--- Source material Enclosed Below ---

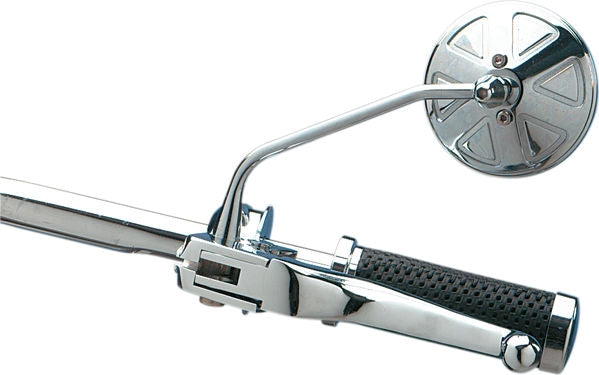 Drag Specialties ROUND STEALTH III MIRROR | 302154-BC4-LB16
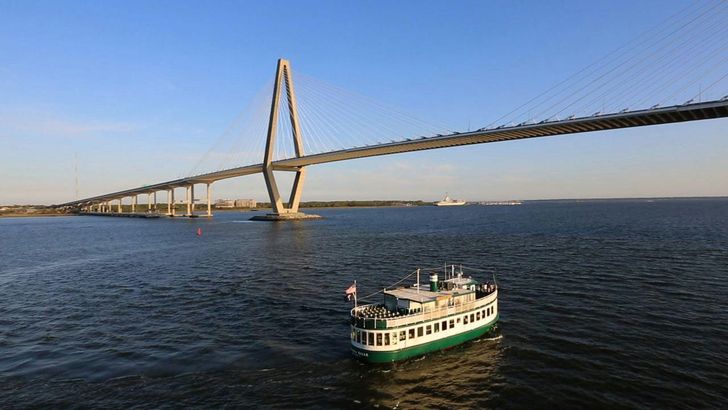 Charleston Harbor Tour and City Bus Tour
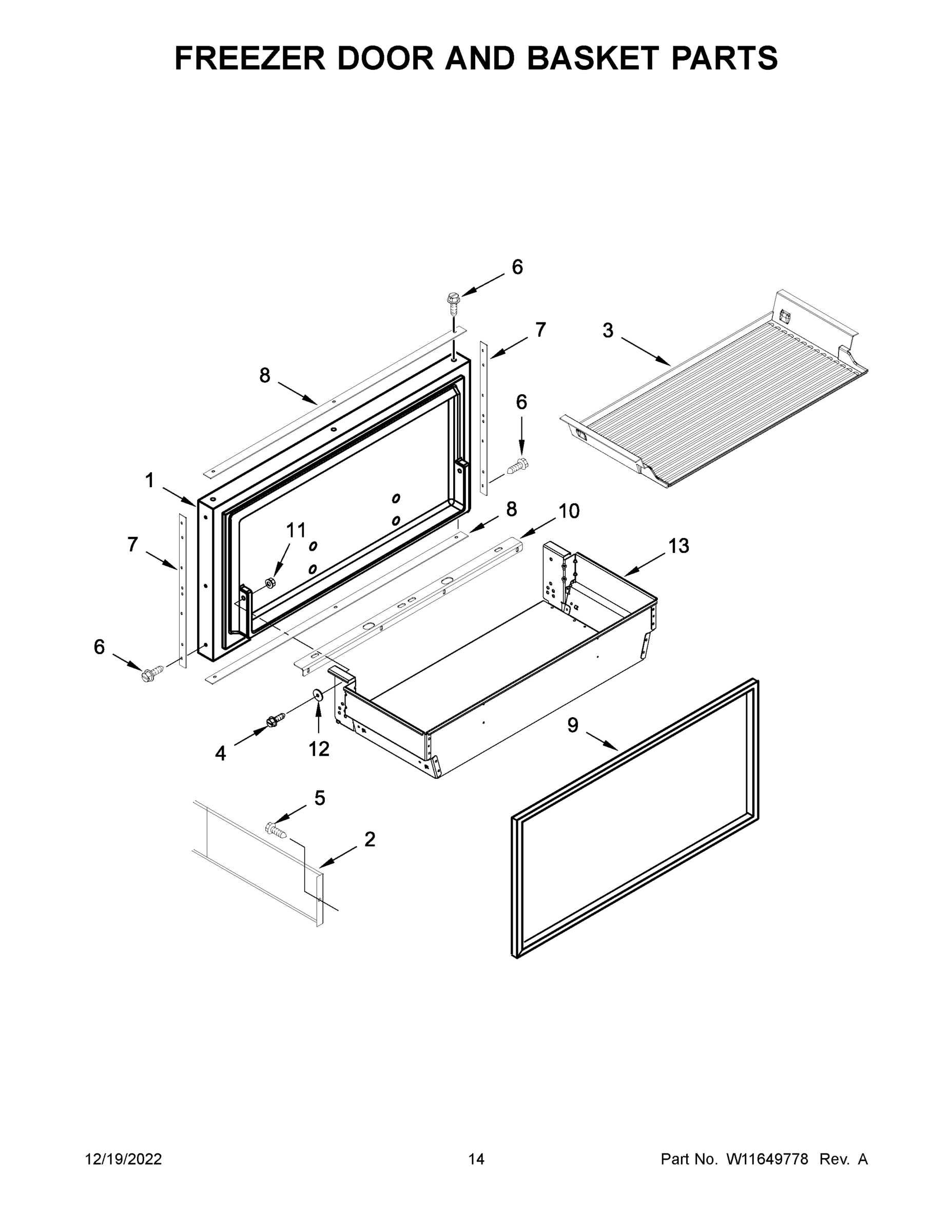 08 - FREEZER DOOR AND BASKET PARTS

--- End of Enclosed Source material ---

* **Work to be completed**
Using the data above, print every line exactly, omitting pictures.

* **Your solution**
 Drag Specialties ROUND STEALTH III MIRROR | 302154-BC4-LB16
 Charleston Harbor Tour and City Bus Tour
 08 - FREEZER DOOR AND BASKET PARTS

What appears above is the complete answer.